(What is required): Exactly the lines from the beginning of the material to the line with "Contenitore per Alimenti" are to be repeated, both ends included.
(Beginning of Information)
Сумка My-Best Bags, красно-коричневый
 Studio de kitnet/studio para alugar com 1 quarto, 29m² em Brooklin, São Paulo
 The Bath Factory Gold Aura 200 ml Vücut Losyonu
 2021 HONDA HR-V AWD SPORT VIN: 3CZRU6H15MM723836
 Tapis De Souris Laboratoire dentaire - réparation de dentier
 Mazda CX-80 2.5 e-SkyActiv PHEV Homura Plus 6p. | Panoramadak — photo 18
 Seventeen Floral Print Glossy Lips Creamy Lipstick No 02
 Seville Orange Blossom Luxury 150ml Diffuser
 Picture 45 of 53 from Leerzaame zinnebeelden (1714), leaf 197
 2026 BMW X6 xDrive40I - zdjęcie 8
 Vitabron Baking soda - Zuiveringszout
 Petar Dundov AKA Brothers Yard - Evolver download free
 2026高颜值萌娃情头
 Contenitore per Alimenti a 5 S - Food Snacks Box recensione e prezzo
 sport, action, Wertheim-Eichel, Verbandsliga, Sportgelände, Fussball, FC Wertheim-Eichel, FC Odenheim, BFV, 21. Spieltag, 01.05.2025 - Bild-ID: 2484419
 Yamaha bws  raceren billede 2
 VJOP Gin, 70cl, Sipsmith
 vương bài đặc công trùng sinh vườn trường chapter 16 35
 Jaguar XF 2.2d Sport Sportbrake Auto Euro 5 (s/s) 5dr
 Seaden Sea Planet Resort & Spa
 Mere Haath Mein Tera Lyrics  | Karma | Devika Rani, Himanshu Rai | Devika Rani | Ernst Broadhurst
(End of Information)
(Answer space):
Сумка My-Best Bags, красно-коричневый
 Studio de kitnet/studio para alugar com 1 quarto, 29m² em Brooklin, São Paulo
 The Bath Factory Gold Aura 200 ml Vücut Losyonu
 2021 HONDA HR-V AWD SPORT VIN: 3CZRU6H15MM723836
 Tapis De Souris Laboratoire dentaire - réparation de dentier
 Mazda CX-80 2.5 e-SkyActiv PHEV Homura Plus 6p. | Panoramadak — photo 18
 Seventeen Floral Print Glossy Lips Creamy Lipstick No 02
 Seville Orange Blossom Luxury 150ml Diffuser
 Picture 45 of 53 from Leerzaame zinnebeelden (1714), leaf 197
 2026 BMW X6 xDrive40I - zdjęcie 8
 Vitabron Baking soda - Zuiveringszout
 Petar Dundov AKA Brothers Yard - Evolver download free
 2026高颜值萌娃情头
 Contenitore per Alimenti a 5 S - Food Snacks Box recensione e prezzo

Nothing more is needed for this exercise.